田仕舞の煙の中をディーゼル車 星川 水兎
田仕舞の煙の中をディーゼル車 星川 水兎
『季のことば』
「田仕舞(たじまい)」は「秋収(あきおさめ)」の傍題で晩秋の季語だが、筆者が使っている電子辞書には載ってない。この季語が収容されているかどうかは、歳時記によってまちまちだ。
この辺の事情については、当ブログの故・吉野光久さんの句「田仕舞の煙の匂ふ駅舎かな」に詳しい(右のブログ内検索でチェックしてみてください)。例えば『十七季』(三省堂)には、「収穫後の祝いの宴」とある。田植から稲刈りまでの米作りが終わり、田の神に感謝するとともに、手伝ってくれた人と飲食を共にすることらしい。つまりは儀式のことで、そういう意味では「田仕舞の煙」ではなく、「の」で軽く切れているともとれる。

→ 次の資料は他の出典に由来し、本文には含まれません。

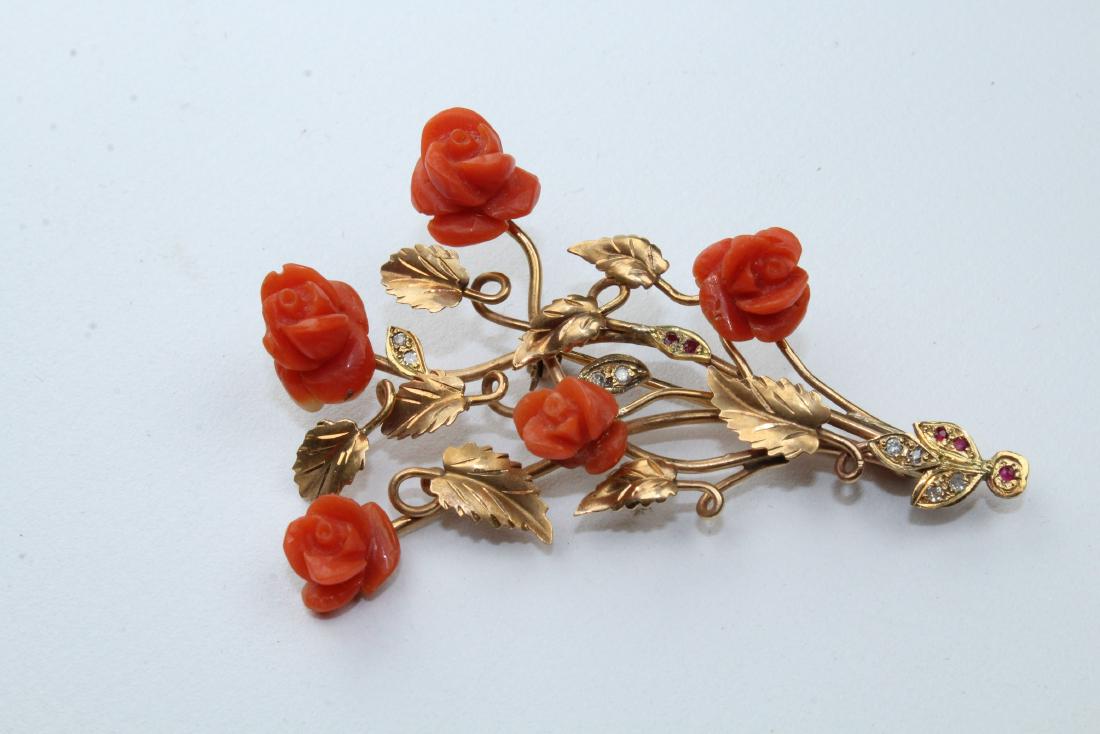 18k Gold, Red Coral, Diamond & Ruby Floral Pin: 18k Gold, Red Coral, Diamond & Ruby Floral Pin. Having 5 carved red coral flowers, 8 small diamonds, and 5 small rubies make up a beautifully done floral pin. Stamped (18k) on pin.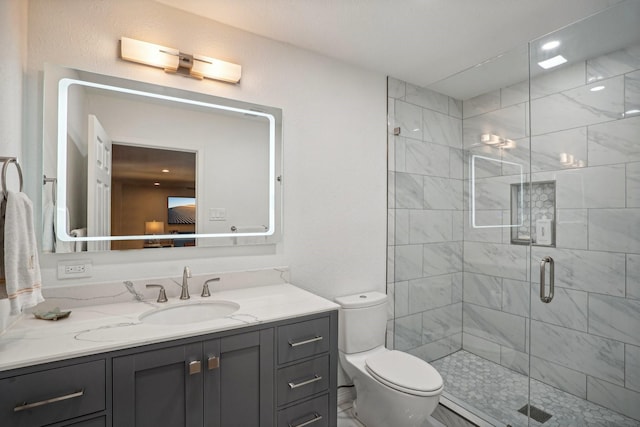 bathroom with vanity, toilet, and walk in shower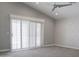 Spacious bedroom featuring vaulted ceiling, decorative wall, sliding doors, and a ceiling fan at 18860 N 73Rd Dr, Glendale, AZ 85308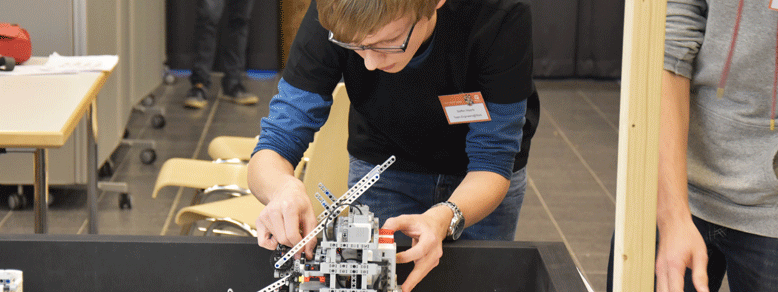 Ein Junge mit dunkler Kleidung und blauer Jeans und Brille beugt sich nach vorne und hält mit beiden Händen einen Roboter aus Lego fest.
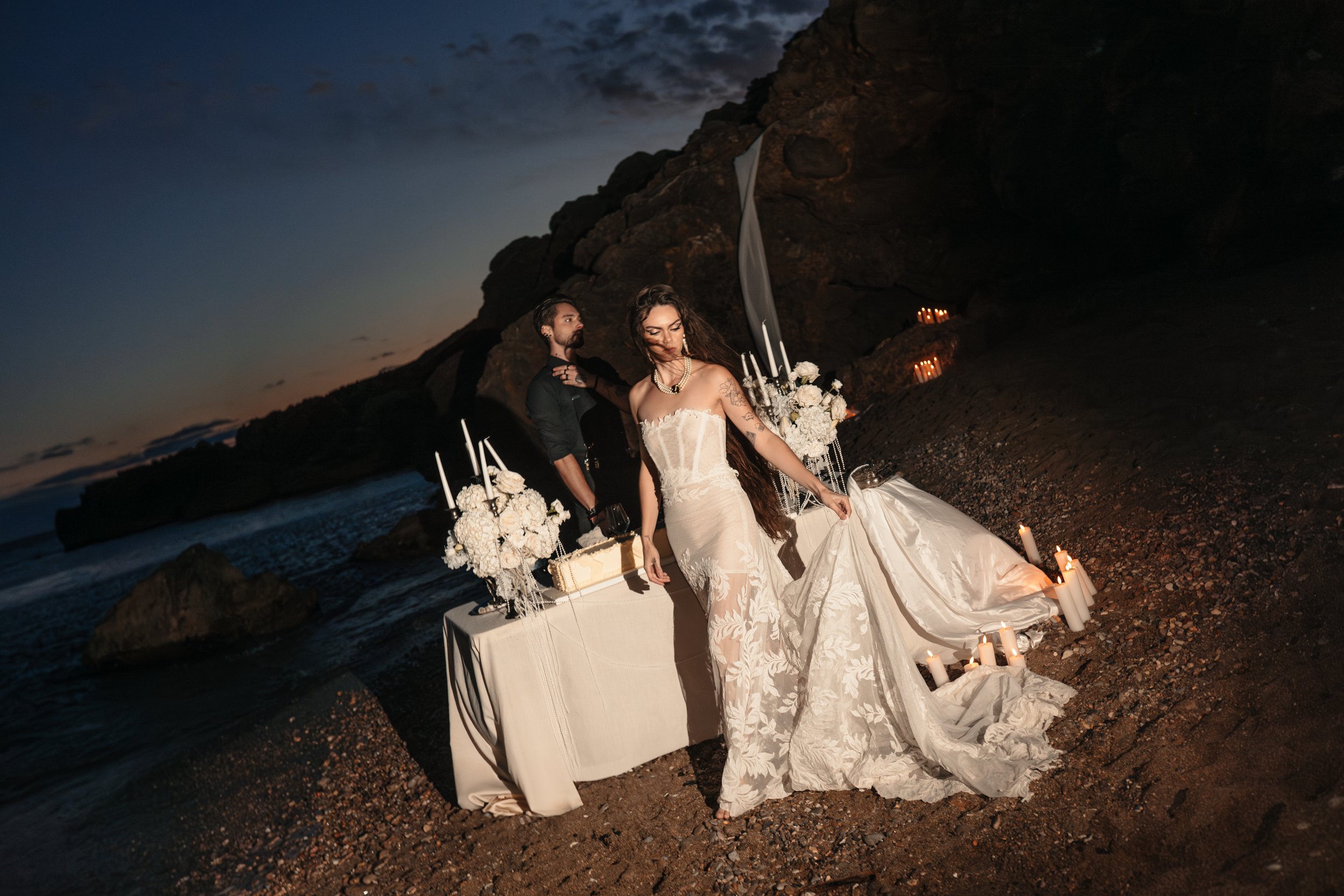 Un couple en tenue de mariage sur une plage rocheuse au coucher du soleil, avec des bougies et des décorations blanches, une femme en robe de mariée white avec longues cheveux bruns, un homme en vêtement noir, ambiance romantique et artistique.
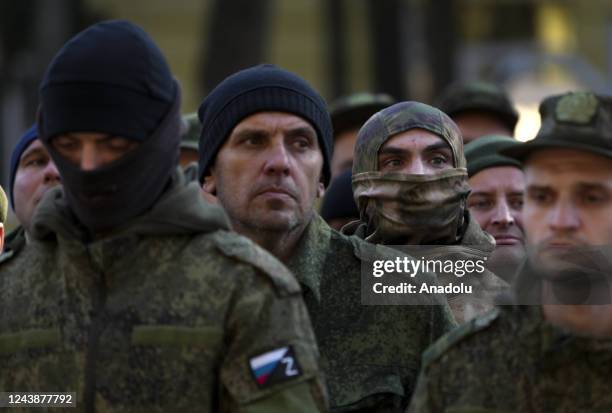 Russian citizens drafted during the partial mobilization are seen being dispatched to combat coordination areas after a military call-up for the...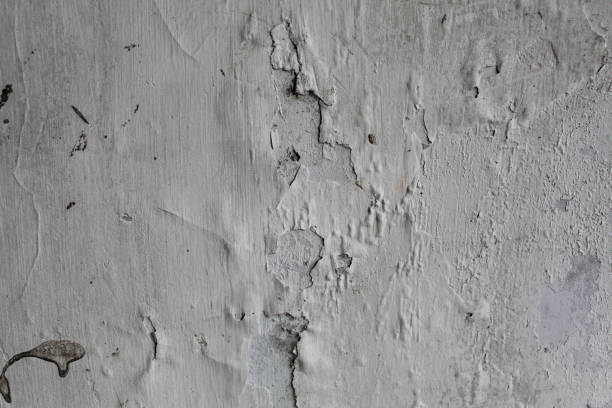 istock White wall paint peeling due to wet condition 2188832271
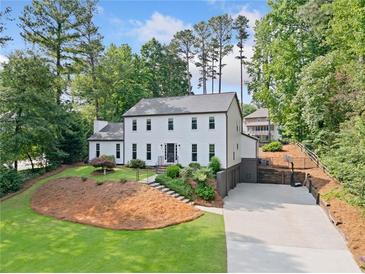 Charming white two-story home featuring manicured landscaping and a spacious driveway at 2885 Laurel Green Ct, Roswell, GA 30076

掲句は、晩秋と初冬のあわいのような週末、房総のチバニアン、養老渓谷、大多喜と経巡った吟行での作。道中、あちこちで籾殻や藁屑などを焼く煙が立ち上っていた。先の台風で寸断された「小湊鉄道」や「いすみ鉄道」のディーゼル車が、その煙を縫って走っていた。秋の終わりの長閑な田園風景を詠んで、懐かしい気分にひたれる句だ。